## Records for the task
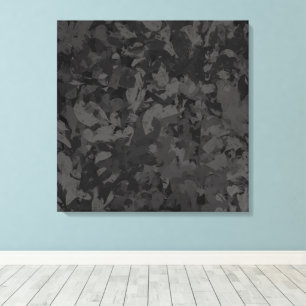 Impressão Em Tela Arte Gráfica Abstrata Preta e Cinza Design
==
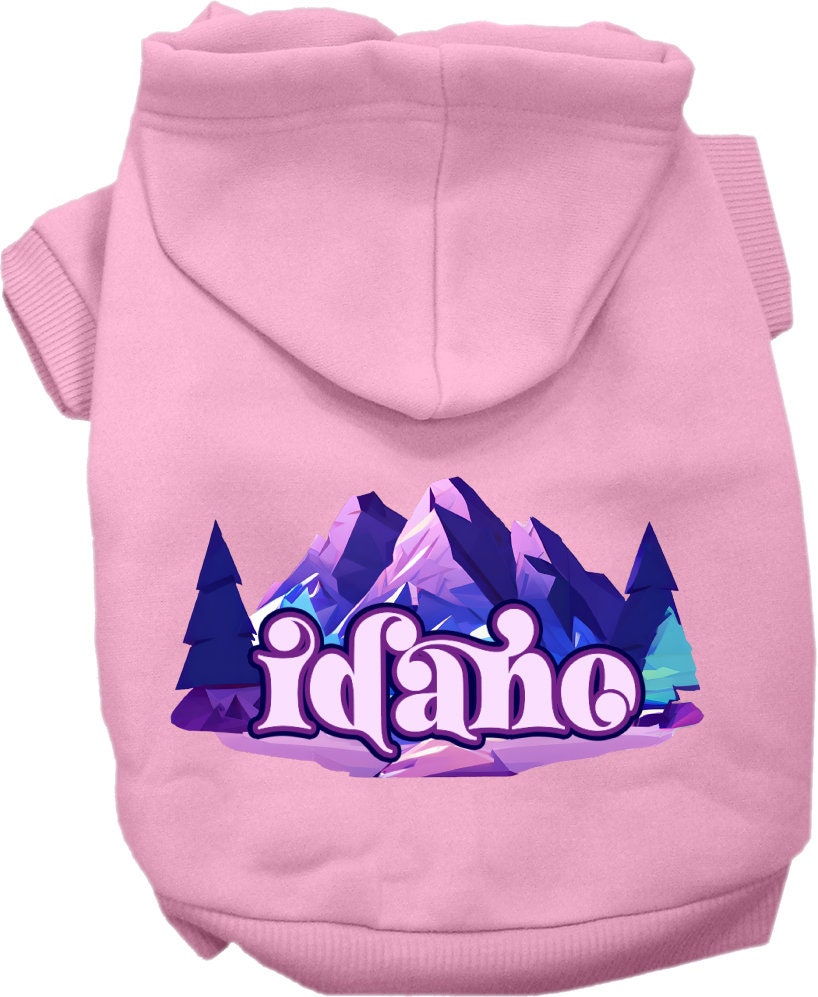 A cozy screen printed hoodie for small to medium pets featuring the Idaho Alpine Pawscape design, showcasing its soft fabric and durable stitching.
---
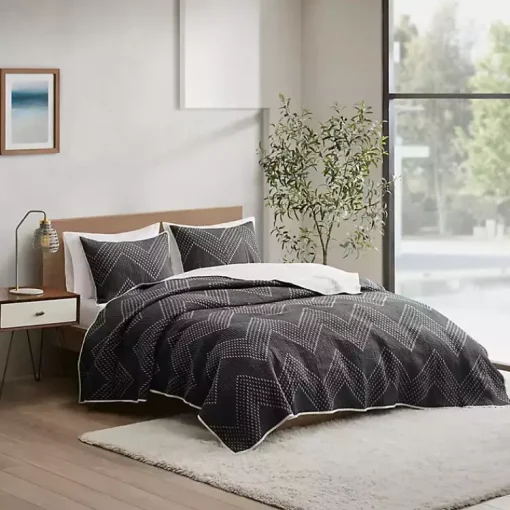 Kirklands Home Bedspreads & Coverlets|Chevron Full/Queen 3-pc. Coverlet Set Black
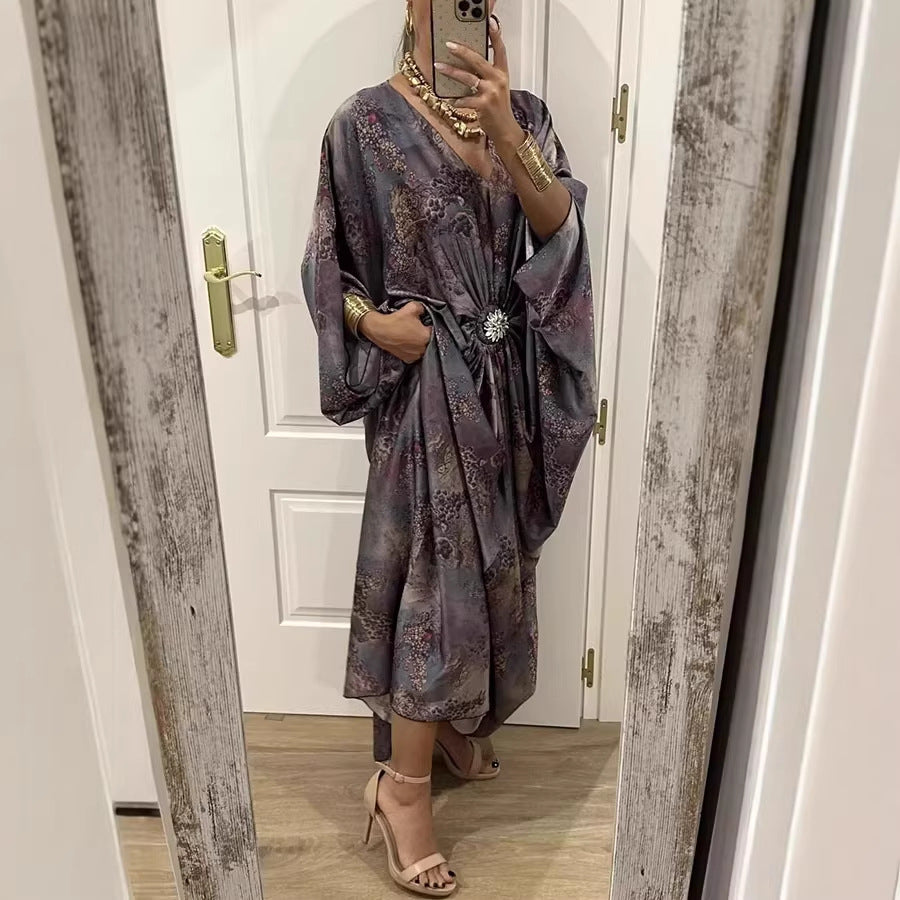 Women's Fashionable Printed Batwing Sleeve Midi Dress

## Prompt
Set down again, exactly, every line above from the one with "Kirklands Home Bedspreads" down to the one with "Women's Fashionable Printed", both ends included. No pictures, and nothing else.

## Output
 Kirklands Home Bedspreads & Coverlets|Chevron Full/Queen 3-pc. Coverlet Set Black
 Women's Fashionable Printed Batwing Sleeve Midi Dress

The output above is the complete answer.